Another important question that can be asked is whether the introduction of the phonics check was associated with improved reading skills at key stage 2 when children were in year 6 (age 11). That is, did the improved teaching of phonics in year 1 (in response to the PSC) have any long-lasting effect on reading outcomes? The results from 2017 provide the first relevant data given that children who completed these key stage 2 SATs were the first to complete the phonics check in 2012 in year 1. As can be seen in Fig. 2, the reading results when slightly down between 2016 and 2017 (while writing results went slightly up), and despite the large gains in the phonics check between 2012 and 2013 (an increase of 11%), there was no corresponding benefit in the reading and writing performance between the 2017–2018 (e.g., the reading results improved 1% whereas the math results improved 2%). These findings show that the decoding skills of children (as measured by the PSC) did not support short- or long-lasting reading improvement as measured by the key stage 1 and 2 SAT results. Note that the fact that the PSC scores have improved so dramatically demonstrates that systematic phonics instruction has improved in recent years in England. The fact that there is such a stark disconnects between PSC and SAT scores undermines the common claim that systematic phonics has improved literacy in England.

The Program for International Student Assessment (PISA) Results Provide Little or No Evidence that Systematic Phonics Improves Literacy

PISA assesses the scholastic performance of 15-year old students on mathematics, science, and reading. It has been carried out every 3 years since 2000, and critically, the 2018 version is the first to assess the reading outcomes of children in England who were taught systematic phonics in year 1 as legally required post 2007. There is little or no evidence that this cohort of children has benefitted from this new policy as summarized in the PISA 2018 executive summary “The mean scores in reading and science in England have not changed significantly over successive PISA cycles, but in mathematics, England’s overall mean score showed a statistically significant increase compared with PISA 2015.” It is also worth comparing the English results to other countries that use a range of teaching methods, with none requiring systematic phonics: Canada, Singapore, and Northern Ireland did better, whereas the USA, Australia, and New Zealand did equally well.

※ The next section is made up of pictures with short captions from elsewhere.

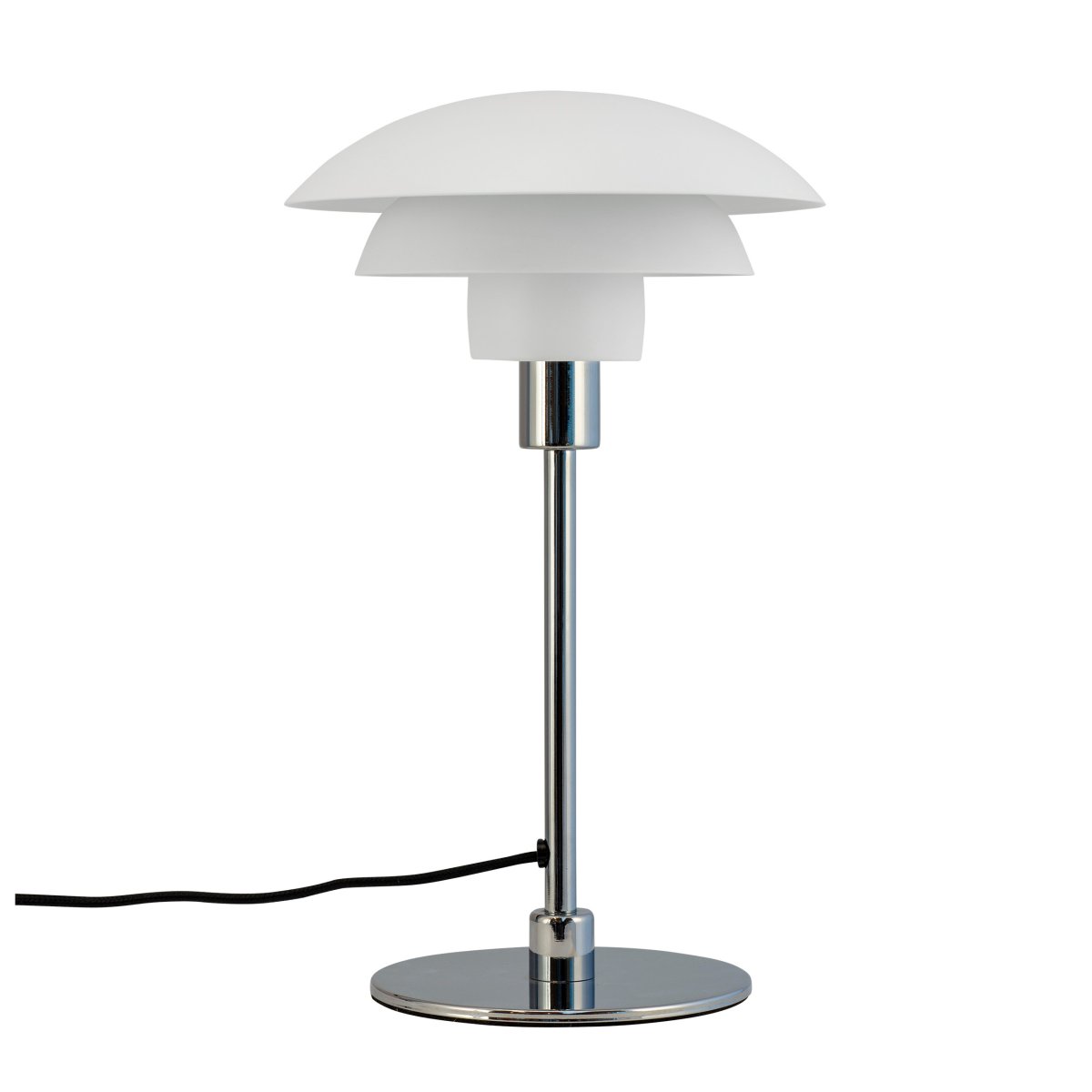 Morph 35cm Blanco lámpara de mesa De Dyberg Larsen - La l&aacute;mpara viene con un cable de tela de 1,6 metros de largo y tiene un interruptor de encendido en la parte superior.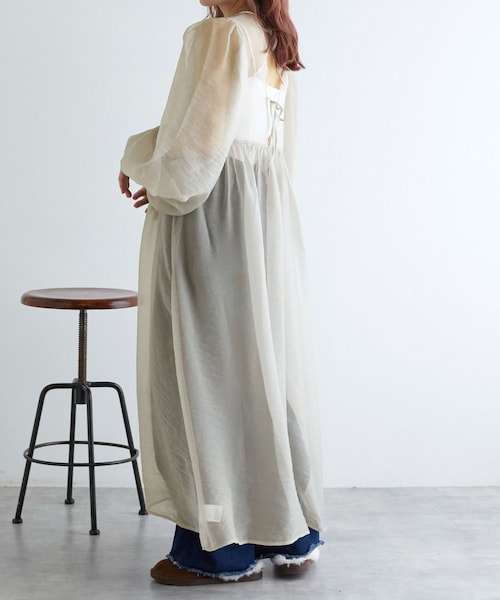 w closet（ダブルクローゼット）の「長袖ボリュームスリーブワンピース（ワンピース/ドレス・レディース・グレージュ/ブラウン・FREE）」の10枚目の写真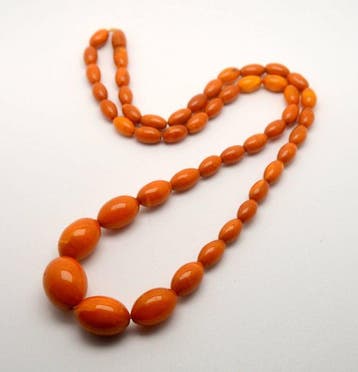Art Deco Duitse oranje bakelietketting met olijfkleurige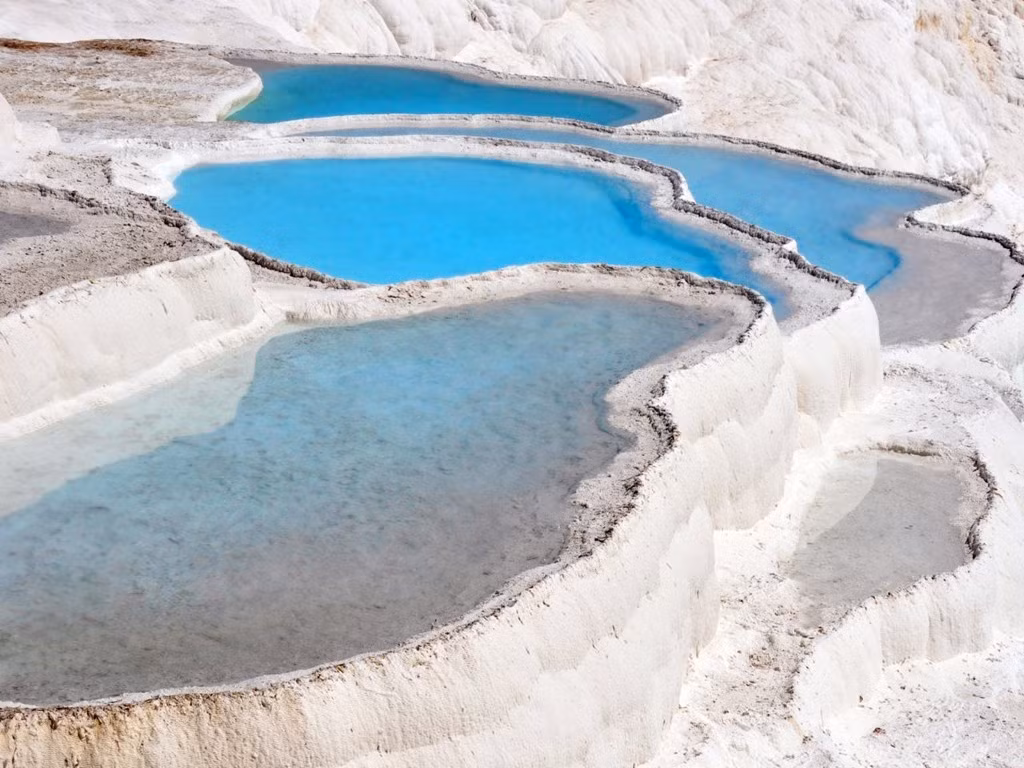  Thổ Nhĩ Kỳ: Đến quốc gia này, du khách sẽ được chiêm ngưỡng những thánh đường, lâu đài lộng lẫy, cùng các kỳ quan thiên nhiên như Pamukkale (Lâu đài bông).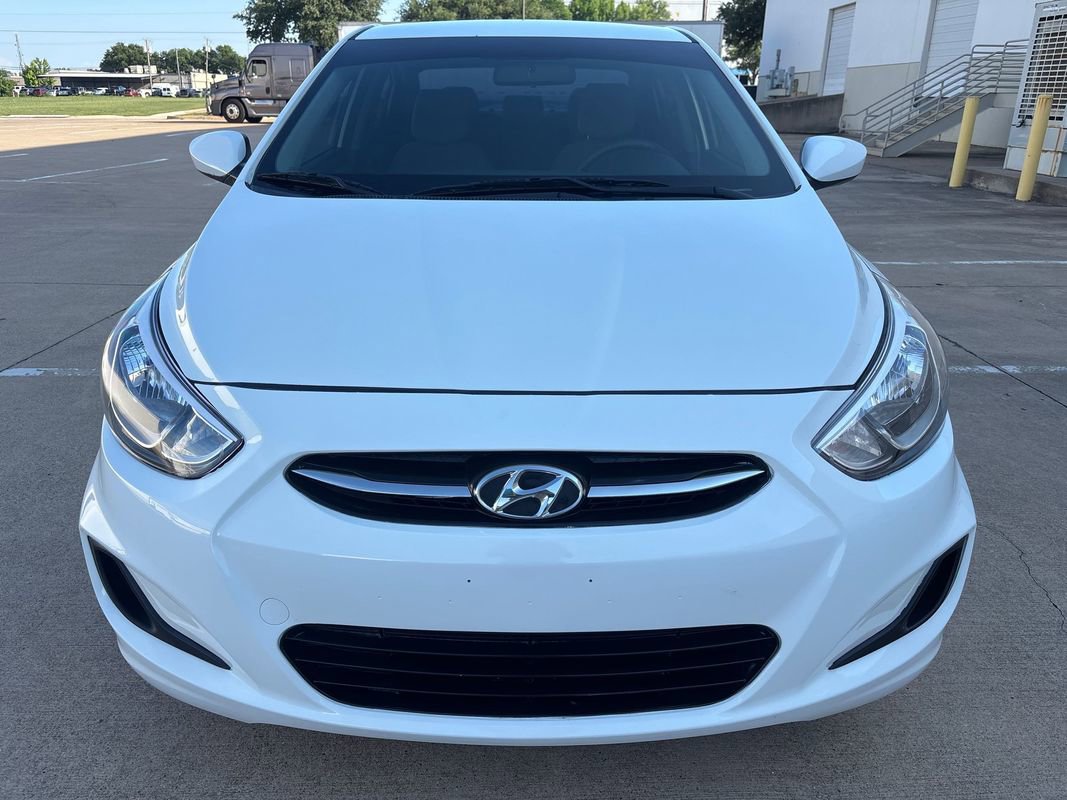 Used 2017 Hyundai Accent SE FWD image 3
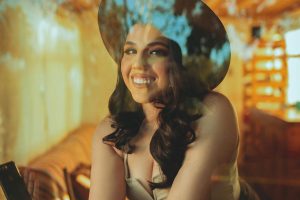 4 Popular cosmetic procedures for transforming a wide face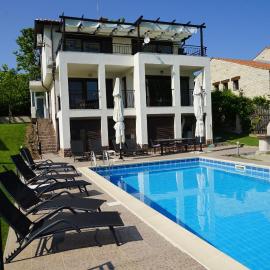 Six bedroom luxury villa with private pool in quiet residential area near beaches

So again, this challenges the claim that systematic phonics has improved reading outcomes in England.

In summary, despite the widespread claim that children are reading better in England since the mandatory inclusion of systematic phonics in state schools in 2007 and the introduction of the PSC in 2012, there is little or no evidence to support this conclusion. Indeed, the only noticeable change in performance is on the PSC itself, with no discernable effects on reading more generally. This is despite the fact that children in England have received early systematic phonics in the context of a broader literacy environment as recommended by the NRP (2000).

Conclusion

Despite the widespread support for systematic phonics within the research literature, there is little or no evidence that this approach is more effective than many of the most common alternative methods used in school, including whole language. This does not mean that learning grapheme-phoneme correspondences is unimportant, but it does mean that there is little or no empirical evidence that systematic phonics leads to better reading outcomes. The “reading wars” that pitted systematic phonics against whole language is best characterized as a draw. The conclusion should not be that we should be satisfied with either systematic phonics or whole language, but rather teachers and researchers should consider alternative methods of reading instruction. For example, one possibility is that reading instruction in English should focus more on the role that meaning plays in organizing spellings (via morphology) and that English spelling system makes sense once the interrelation between phonology, morphology, and etymology are considered (Bowers and Bowers 2017, 2018c). Of course, other possibilities need to be considered as well, but the first step in motivating more research into alternative forms of instruction is to realize that there is a problem with the current approach.